**What to work on**
Each record is to be copied exactly, with its pictures left behind.

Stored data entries
◆ ◆ ◆ ◆ ◆
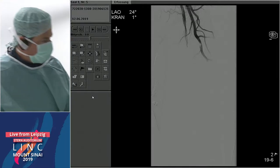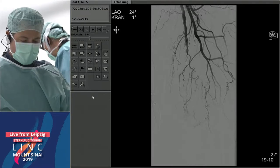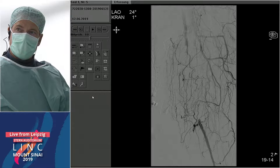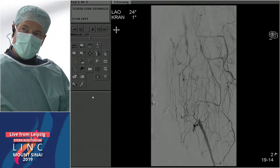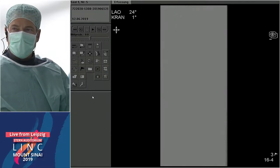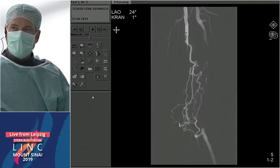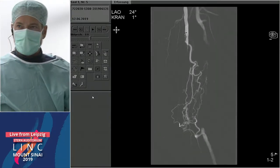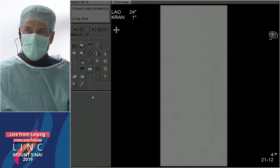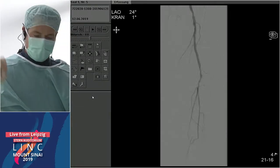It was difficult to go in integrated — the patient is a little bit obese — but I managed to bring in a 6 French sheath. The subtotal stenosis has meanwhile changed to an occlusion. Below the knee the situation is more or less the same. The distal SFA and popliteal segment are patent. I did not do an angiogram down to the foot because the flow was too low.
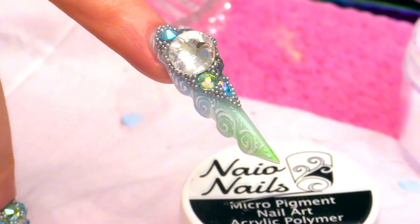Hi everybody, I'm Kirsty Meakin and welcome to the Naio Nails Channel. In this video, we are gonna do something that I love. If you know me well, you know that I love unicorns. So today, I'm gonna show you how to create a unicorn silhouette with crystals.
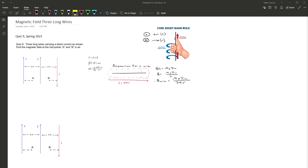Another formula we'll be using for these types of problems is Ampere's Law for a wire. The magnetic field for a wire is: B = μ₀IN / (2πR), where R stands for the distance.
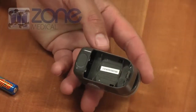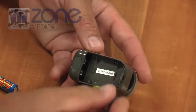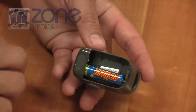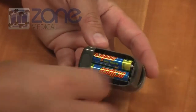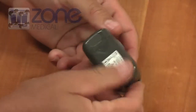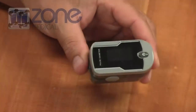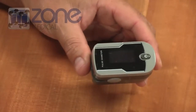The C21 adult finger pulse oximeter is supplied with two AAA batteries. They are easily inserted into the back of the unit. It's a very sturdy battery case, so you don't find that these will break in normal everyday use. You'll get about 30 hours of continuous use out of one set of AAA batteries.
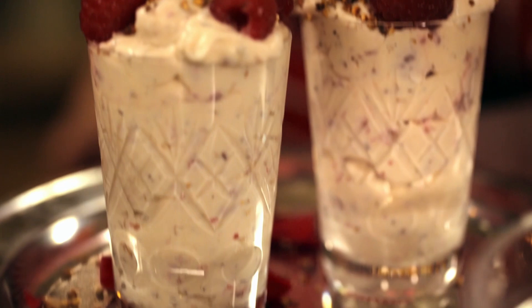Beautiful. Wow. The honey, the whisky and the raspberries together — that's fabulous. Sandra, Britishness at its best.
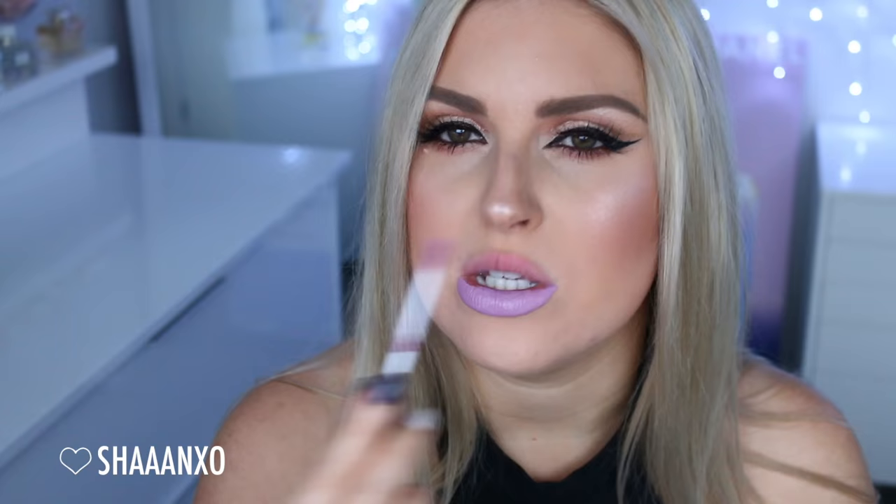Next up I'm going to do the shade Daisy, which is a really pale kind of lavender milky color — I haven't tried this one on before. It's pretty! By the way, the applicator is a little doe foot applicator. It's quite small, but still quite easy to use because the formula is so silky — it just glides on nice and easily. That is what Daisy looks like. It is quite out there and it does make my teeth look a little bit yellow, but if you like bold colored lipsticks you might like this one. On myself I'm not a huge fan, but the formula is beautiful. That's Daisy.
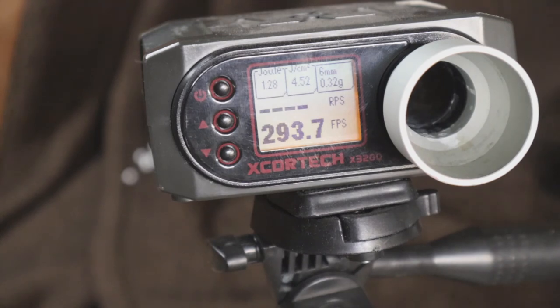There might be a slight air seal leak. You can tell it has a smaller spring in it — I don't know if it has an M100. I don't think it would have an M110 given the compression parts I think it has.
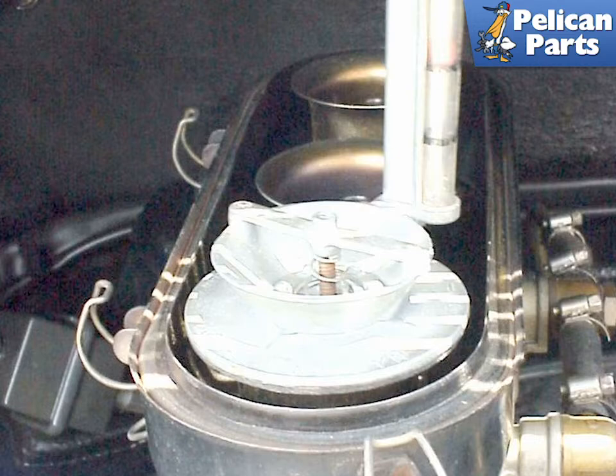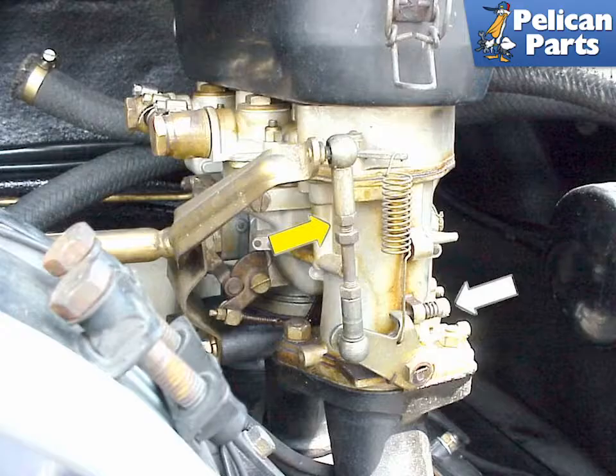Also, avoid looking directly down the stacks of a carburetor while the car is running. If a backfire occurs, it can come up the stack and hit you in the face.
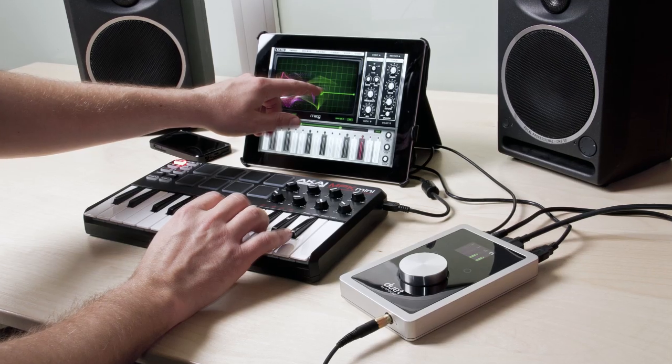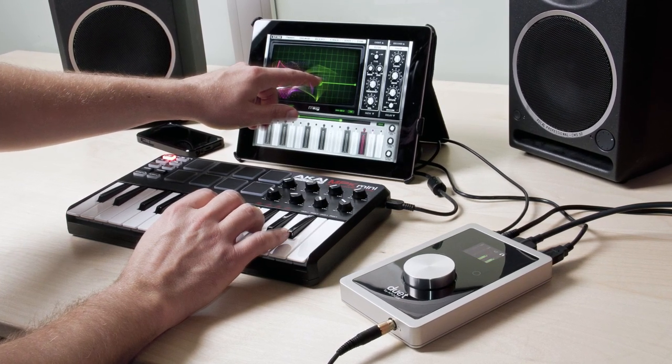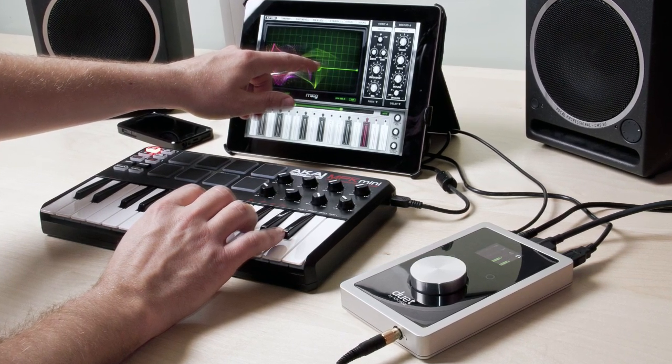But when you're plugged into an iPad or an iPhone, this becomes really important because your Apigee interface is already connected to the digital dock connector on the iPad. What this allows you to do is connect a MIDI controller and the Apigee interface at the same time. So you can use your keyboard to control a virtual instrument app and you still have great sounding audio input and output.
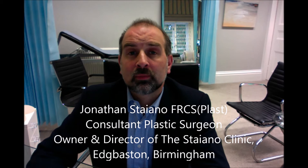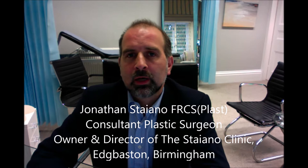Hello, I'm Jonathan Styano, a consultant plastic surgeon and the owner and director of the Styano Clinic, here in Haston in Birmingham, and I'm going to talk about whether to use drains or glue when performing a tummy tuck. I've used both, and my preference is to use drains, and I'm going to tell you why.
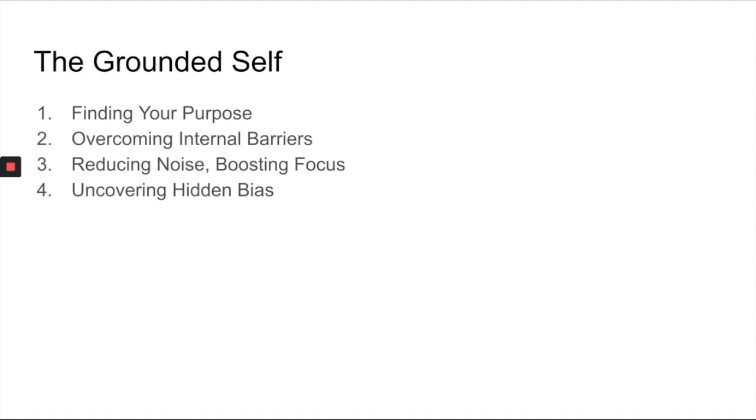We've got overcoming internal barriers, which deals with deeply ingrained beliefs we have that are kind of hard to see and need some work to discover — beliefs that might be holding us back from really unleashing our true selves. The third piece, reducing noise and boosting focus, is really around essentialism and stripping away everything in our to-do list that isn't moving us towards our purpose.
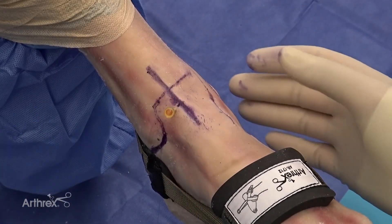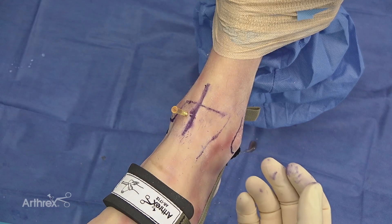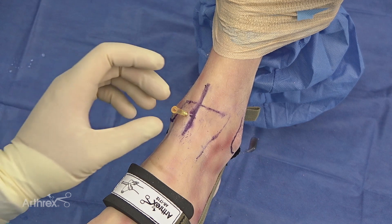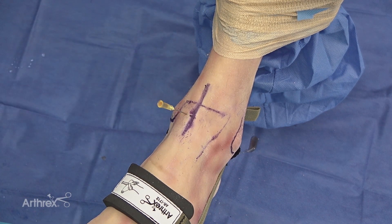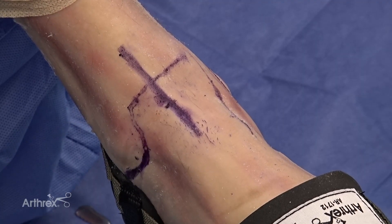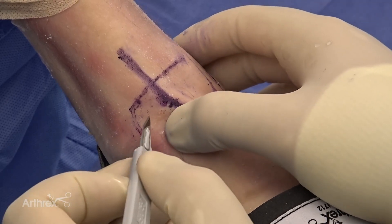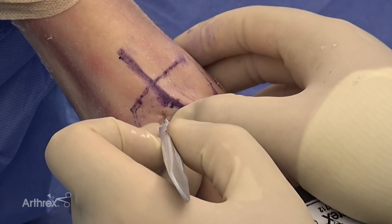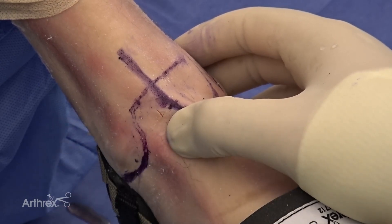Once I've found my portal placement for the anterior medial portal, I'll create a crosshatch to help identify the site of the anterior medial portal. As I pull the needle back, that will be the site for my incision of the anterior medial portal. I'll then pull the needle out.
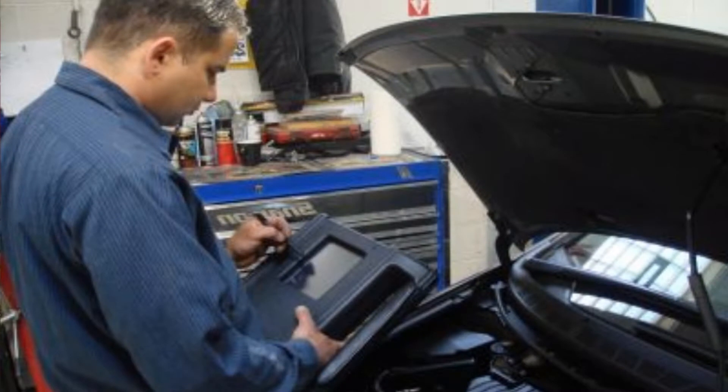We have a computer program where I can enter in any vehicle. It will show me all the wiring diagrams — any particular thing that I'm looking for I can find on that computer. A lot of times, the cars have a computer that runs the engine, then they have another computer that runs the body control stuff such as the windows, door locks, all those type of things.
◆ ◆ ◆ ◆ ◆
**Result of the task**
It was difficult to go in integrated — the patient is a little bit obese — but I managed to bring in a 6 French sheath. The subtotal stenosis has meanwhile changed to an occlusion. Below the knee the situation is more or less the same. The distal SFA and popliteal segment are patent. I did not do an angiogram down to the foot because the flow was too low.
Hi everybody, I'm Kirsty Meakin and welcome to the Naio Nails Channel. In this video, we are gonna do something that I love. If you know me well, you know that I love unicorns. So today, I'm gonna show you how to create a unicorn silhouette with crystals.
Another formula we'll be using for these types of problems is Ampere's Law for a wire. The magnetic field for a wire is: B = μ₀IN / (2πR), where R stands for the distance.
The C21 adult finger pulse oximeter is supplied with two AAA batteries. They are easily inserted into the back of the unit. It's a very sturdy battery case, so you don't find that these will break in normal everyday use. You'll get about 30 hours of continuous use out of one set of AAA batteries.
Beautiful. Wow. The honey, the whisky and the raspberries together — that's fabulous. Sandra, Britishness at its best.
Next up I'm going to do the shade Daisy, which is a really pale kind of lavender milky color — I haven't tried this one on before. It's pretty! By the way, the applicator is a little doe foot applicator. It's quite small, but still quite easy to use because the formula is so silky — it just glides on nice and easily. That is what Daisy looks like. It is quite out there and it does make my teeth look a little bit yellow, but if you like bold colored lipsticks you might like this one. On myself I'm not a huge fan, but the formula is beautiful. That's Daisy.
There might be a slight air seal leak. You can tell it has a smaller spring in it — I don't know if it has an M100. I don't think it would have an M110 given the compression parts I think it has.
Also, avoid looking directly down the stacks of a carburetor while the car is running. If a backfire occurs, it can come up the stack and hit you in the face.
But when you're plugged into an iPad or an iPhone, this becomes really important because your Apigee interface is already connected to the digital dock connector on the iPad. What this allows you to do is connect a MIDI controller and the Apigee interface at the same time. So you can use your keyboard to control a virtual instrument app and you still have great sounding audio input and output.
Hello, I'm Jonathan Styano, a consultant plastic surgeon and the owner and director of the Styano Clinic, here in Haston in Birmingham, and I'm going to talk about whether to use drains or glue when performing a tummy tuck. I've used both, and my preference is to use drains, and I'm going to tell you why.
We've got overcoming internal barriers, which deals with deeply ingrained beliefs we have that are kind of hard to see and need some work to discover — beliefs that might be holding us back from really unleashing our true selves. The third piece, reducing noise and boosting focus, is really around essentialism and stripping away everything in our to-do list that isn't moving us towards our purpose.
Once I've found my portal placement for the anterior medial portal, I'll create a crosshatch to help identify the site of the anterior medial portal. As I pull the needle back, that will be the site for my incision of the anterior medial portal. I'll then pull the needle out.
We have a computer program where I can enter in any vehicle. It will show me all the wiring diagrams — any particular thing that I'm looking for I can find on that computer. A lot of times, the cars have a computer that runs the engine, then they have another computer that runs the body control stuff such as the windows, door locks, all those type of things.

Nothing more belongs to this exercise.